Ha-ah? Want an example; let’s look at the enhanced Yelp results (I wonder if he also eats cheese steaks?). The site is similar in presentation; a mashup of images, links and textual advice. In fact there are loads; New York Times, Gawker, others...

Andrew reckons the LinkedIn example is suggestive of what might happen with ‘people search’ in the future. LinkedIn is a Yahoo partner. Didn’t know that...

  • Microformats
    • hCard, hEvent, hReview, hAtom, XFN
    • More as they get adopted
  • RDFa and eRDF markup
  • OpenSearch
    • +extensions to return structured data
  • Atom/RSS feeds
    • +extensions to embed structured data

Yahoo thinks this is the future; using microformats to prevent structured meta data about content to search engines. So what do we put in this data set?

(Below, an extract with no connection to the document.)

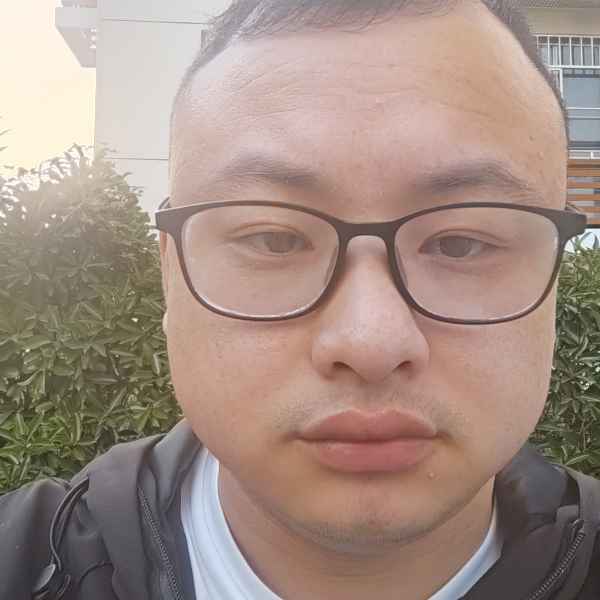 浙江33岁单身帅哥真诚找对象-保山征婚相亲网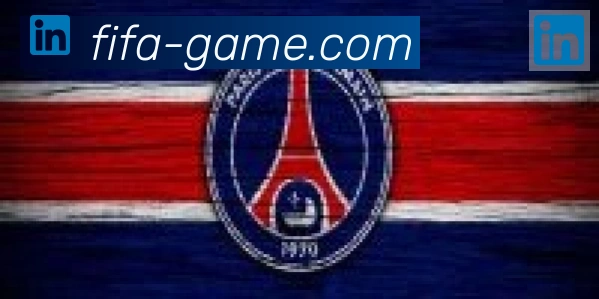 FIFA世界杯买球入口合作伙伴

  • dataRSS provides a common framework for embedding structured data
    • Use with RDFa, eRDF or OpenSearch
    • Preferred Vocabulary includes
      • Atom, Dublin Core
      • Creative Commons
      • FOAF, GeoRSS...
      • He’s going too fast again...

Yahoo will be announcing a set of tools and wants people to work together to agree on standards (and not let be dominated by ‘one’ Search Engine. Don’t know who that could be.)

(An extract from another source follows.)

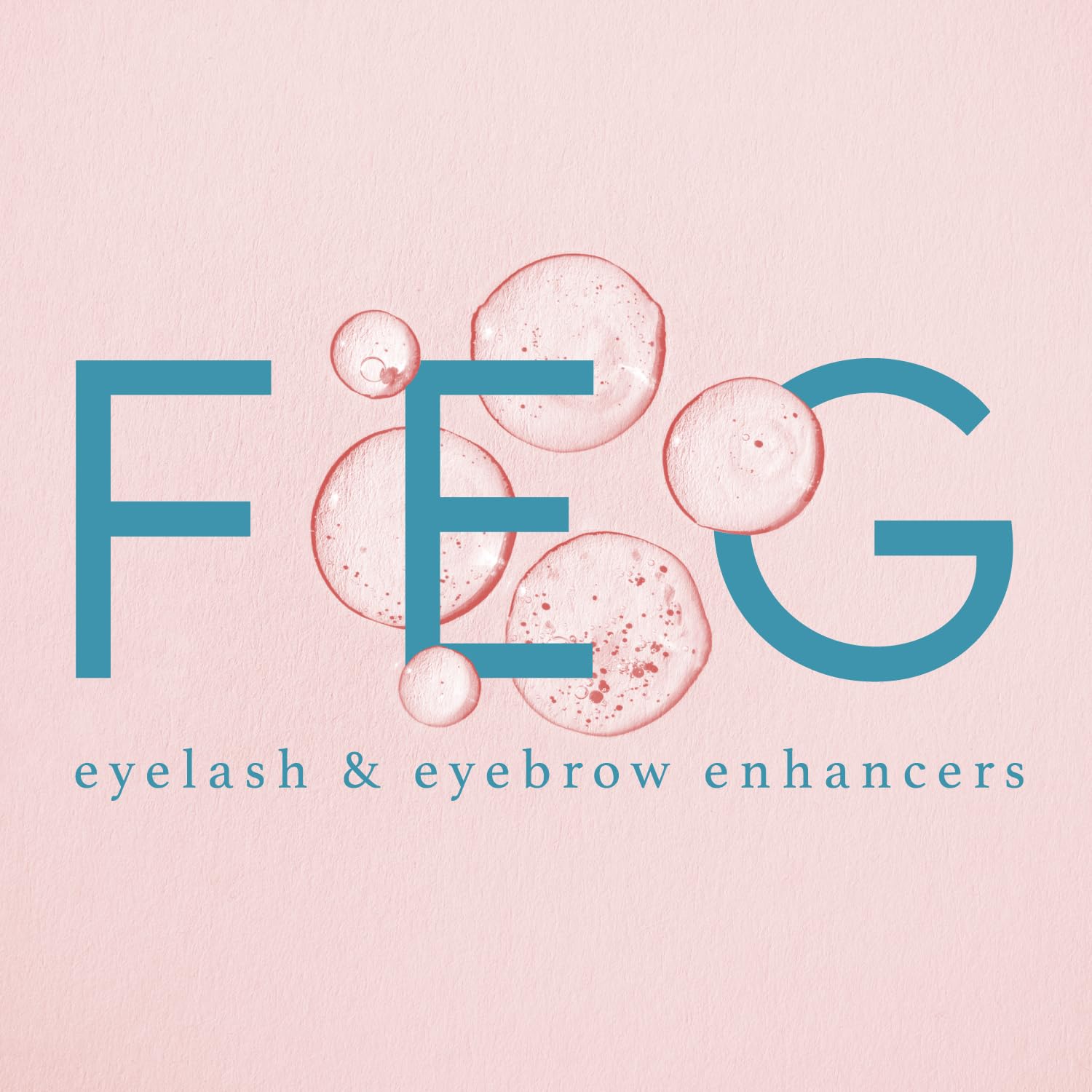 FEG night routine shot emphasizes consistent nightly use for best results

  • Yahoo! Open search platform does not modify ranking
  • Richer abstracts may provide more information to users and draw higher quality/quantity of clicks
  • We want rich abstracts that give users a better experience
    • We don’t want misleading abstracts

So Yahoo are really announcing a new form of SEO where content owners try and get shiny and attractive abstracts into the SERPs which attract clicks. Yahoo would like them and content owners to come to an agreement with what makes a good abstract. When that agreement is in place then they’ll work together to keep the good stuff in and the bad stuff out.

In fact, anyone on the web can make use of a self-service model to upload their abstracts and then anyone interested in this can subscribe to those recommendations. Ah-ah; this sounds like Google’s Subscription Links offering.

Let’s look at the ‘whole story’

  • User needs becoming more complex
  • Content growing, changing, diversifying, fragmenting
  • Search responding by increase in sophistication
  • Value migrating to ecosystem
  • Unlock the value by enabling interoperability – expose semantics

Is the HTTP and HTML system the right model any more? Yahoo thinks... maybe not. Something more complex may be needed. As a result the value is moving to the ‘ecosystem’ and therefore the ‘quick win’ here is to expose the data content publishers may have locked away but which could be presented to the search engine.

Wow! What a long write up. I think that was the best key note yet. Andrew shared a lot of ideas and I’ve a really good vision of what Yahoo is up to now.